[What is expected] Set down only these lines, exactly: the line containing "this 640×480 image." and all lines through the end of the data below. Omit pictures.

─── Material provided

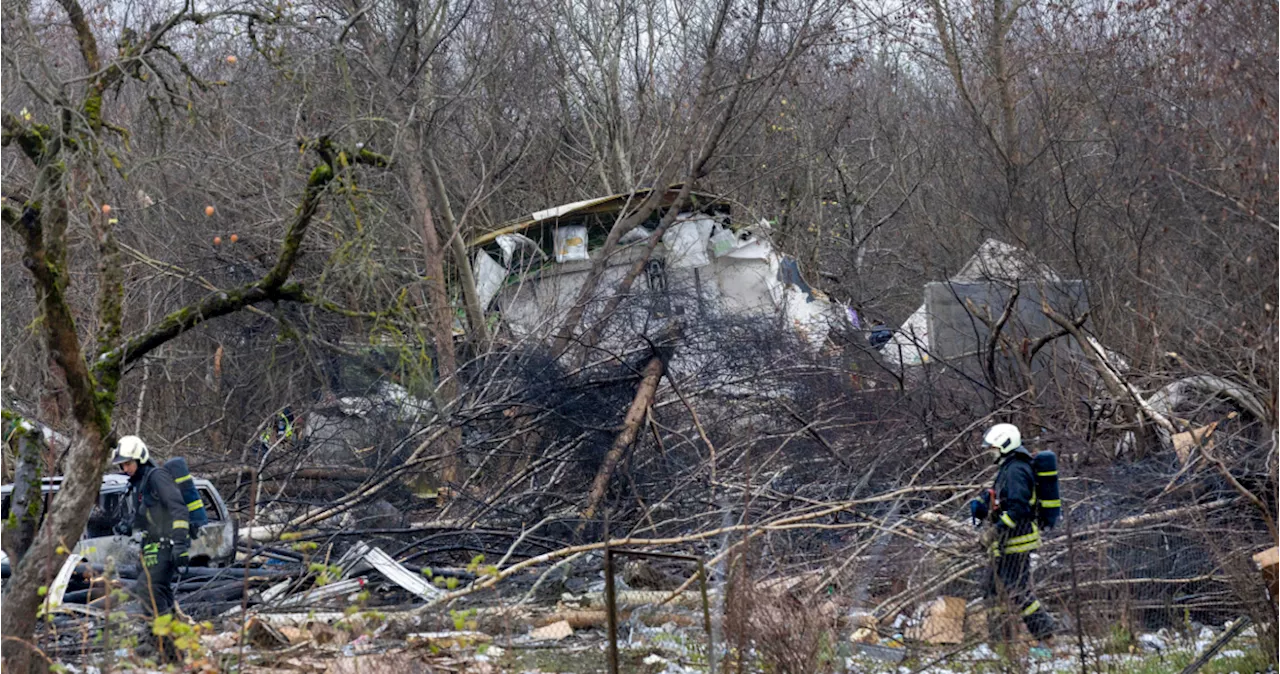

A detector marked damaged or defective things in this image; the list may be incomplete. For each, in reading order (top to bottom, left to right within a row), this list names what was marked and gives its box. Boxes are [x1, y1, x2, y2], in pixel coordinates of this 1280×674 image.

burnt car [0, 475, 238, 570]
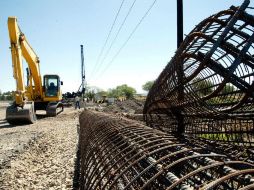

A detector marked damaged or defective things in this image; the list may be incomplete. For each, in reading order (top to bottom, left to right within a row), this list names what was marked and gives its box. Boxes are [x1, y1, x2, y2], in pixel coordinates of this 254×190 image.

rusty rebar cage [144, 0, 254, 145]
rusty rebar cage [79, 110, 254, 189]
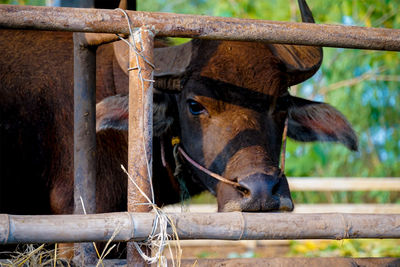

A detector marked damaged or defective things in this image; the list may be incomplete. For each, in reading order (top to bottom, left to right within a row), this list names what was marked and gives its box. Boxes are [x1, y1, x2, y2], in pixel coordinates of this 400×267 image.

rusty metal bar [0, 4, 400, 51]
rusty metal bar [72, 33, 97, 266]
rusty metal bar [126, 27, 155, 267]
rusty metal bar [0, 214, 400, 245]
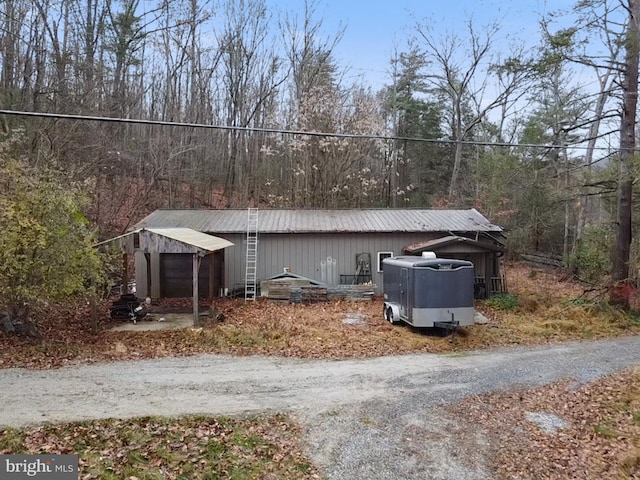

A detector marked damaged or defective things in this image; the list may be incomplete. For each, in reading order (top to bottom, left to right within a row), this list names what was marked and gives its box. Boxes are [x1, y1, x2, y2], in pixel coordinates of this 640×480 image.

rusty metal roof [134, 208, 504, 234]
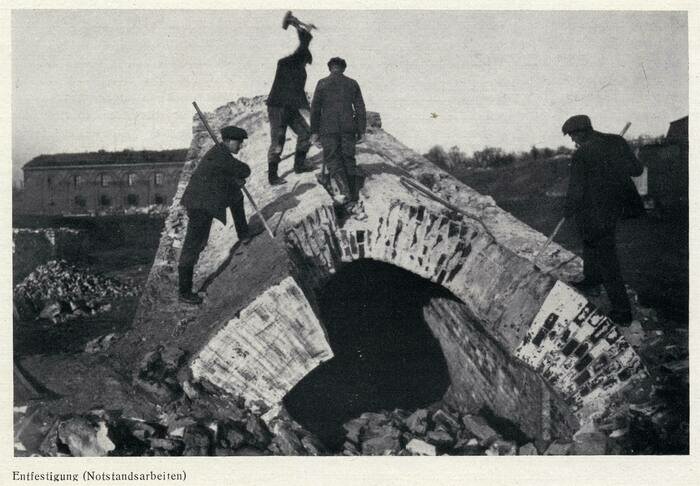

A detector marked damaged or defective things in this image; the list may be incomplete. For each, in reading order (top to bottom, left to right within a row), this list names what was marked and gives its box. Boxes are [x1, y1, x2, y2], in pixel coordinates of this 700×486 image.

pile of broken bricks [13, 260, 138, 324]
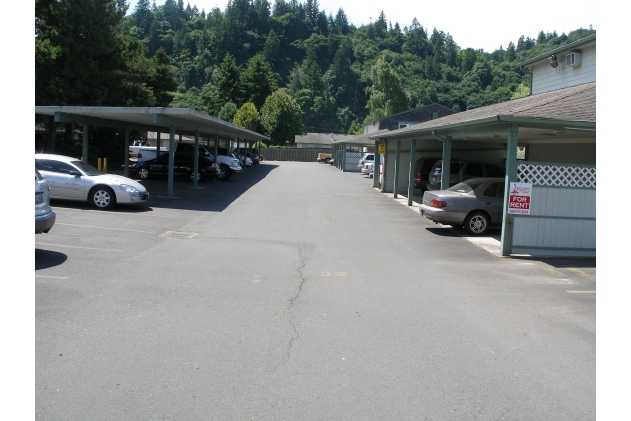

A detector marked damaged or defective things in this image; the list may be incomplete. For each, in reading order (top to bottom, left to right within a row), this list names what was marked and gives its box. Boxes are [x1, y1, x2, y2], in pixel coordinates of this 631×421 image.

──────

[Output for this task]
A detector marked damaged or defective things in this image; the list may be incomplete. For each, in reading order (top to bottom, left to right within a row), this list names what was marked and gives its box. Boxes are [x1, y1, x2, y2], in pixel coordinates of this 640×480 image.

rusty metal roof [134, 208, 504, 234]

A detector marked damaged or defective things in this image; the list may be incomplete. For each, in reading order (top to bottom, left to right within a row), this list names what was marked and gives its box. Boxes are [x1, y1, x2, y2], in pixel coordinates of this 700×486 image.

pile of broken bricks [13, 260, 138, 324]

A detector marked damaged or defective things in this image; the list may be incomplete. For each, in reading order (top to bottom, left to right within a row), this list names what was marked and gives its box. Boxes are [x1, y1, x2, y2], in pixel coordinates of this 631×421 image.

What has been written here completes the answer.